• [AIM OF THE TASK]
Copy the records word for word, omitting all pictures.

*** Opening of DATA EXCERPTS ***

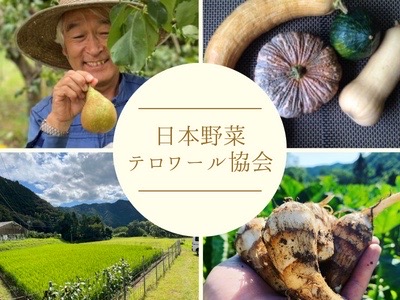 2022年8月31日、一般社団法人日本野菜テロワール協会が設立されました。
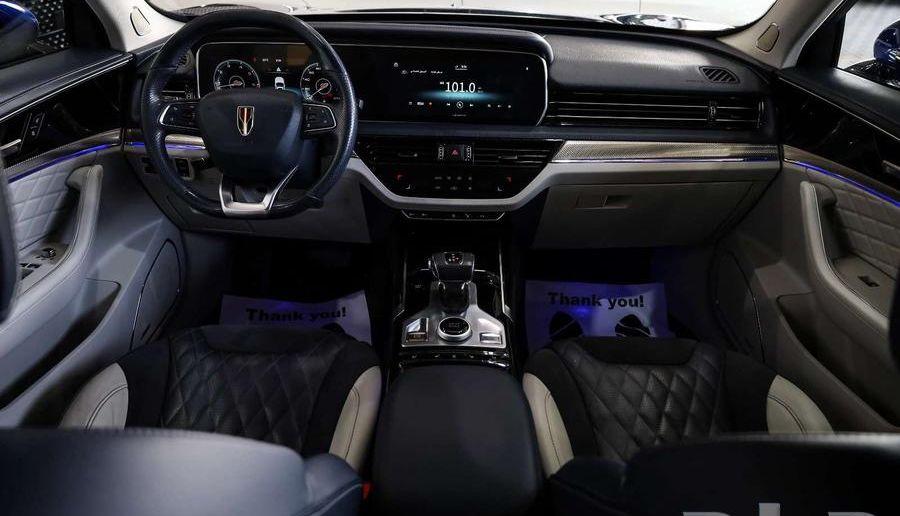 هونشي HS 5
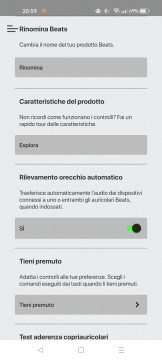 Recensione Beats Fit Pro 41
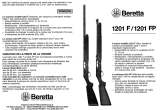 Beretta 1201F Manuale utente
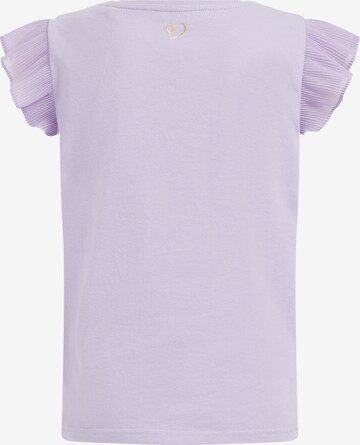 WE Fashion Koszulka w kolorze fioletowy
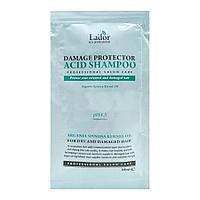 900 МЛ! Шампунь Lador с коллагеном и аргановым маслом Damaged Protector Acid Shampoo 10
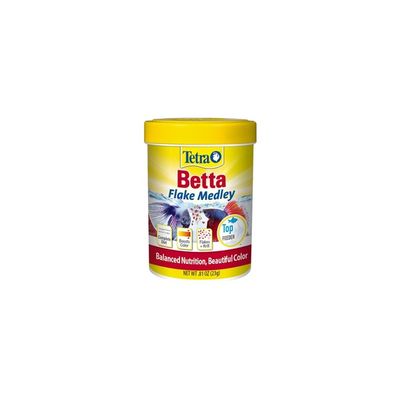Tetra Tropical Medley, with Color Enhancers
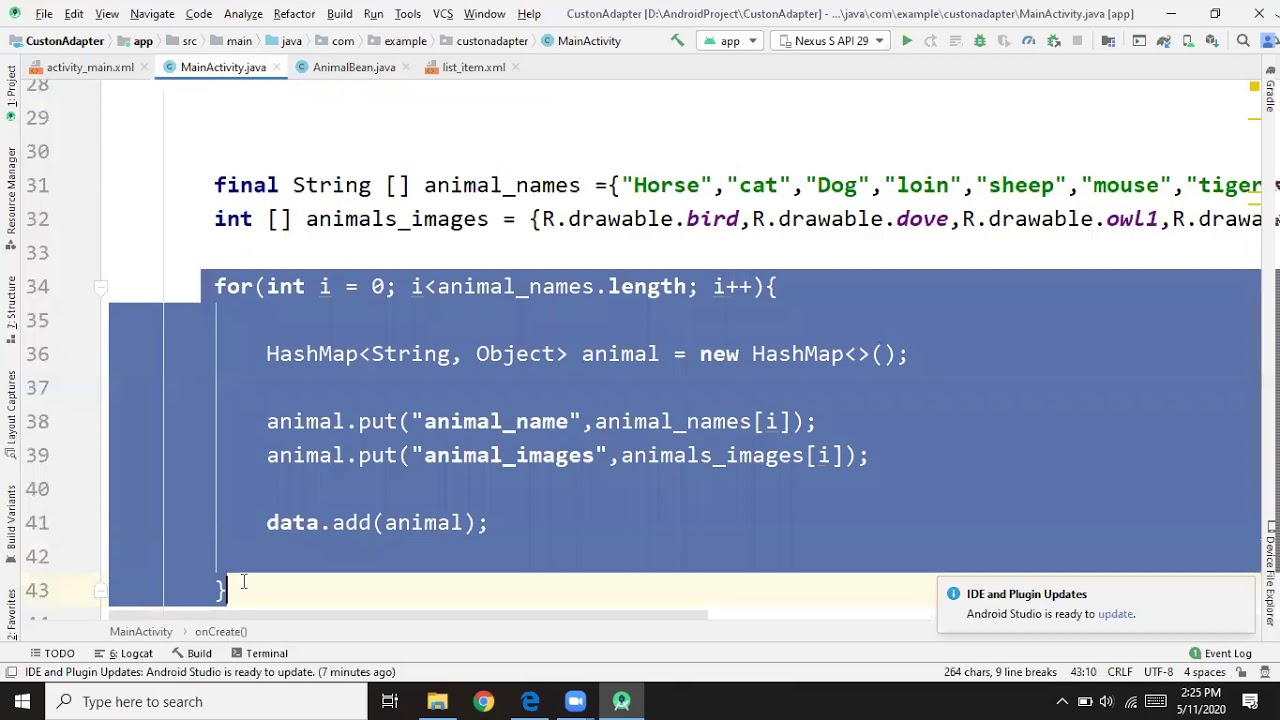 session 10 part 1 - YouTube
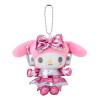 Sanrio 396265 Mascot Holder (Tokimeki Planet) My Melody view 1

*** Close of DATA EXCERPTS ***

• [RESPONSE]
 2022年8月31日、一般社団法人日本野菜テロワール協会が設立されました。
 هونشي HS 5
 Recensione Beats Fit Pro 41
 Beretta 1201F Manuale utente
 WE Fashion Koszulka w kolorze fioletowy
 900 МЛ! Шампунь Lador с коллагеном и аргановым маслом Damaged Protector Acid Shampoo 10
Tetra Tropical Medley, with Color Enhancers
 session 10 part 1 - YouTube
 Sanrio 396265 Mascot Holder (Tokimeki Planet) My Melody view 1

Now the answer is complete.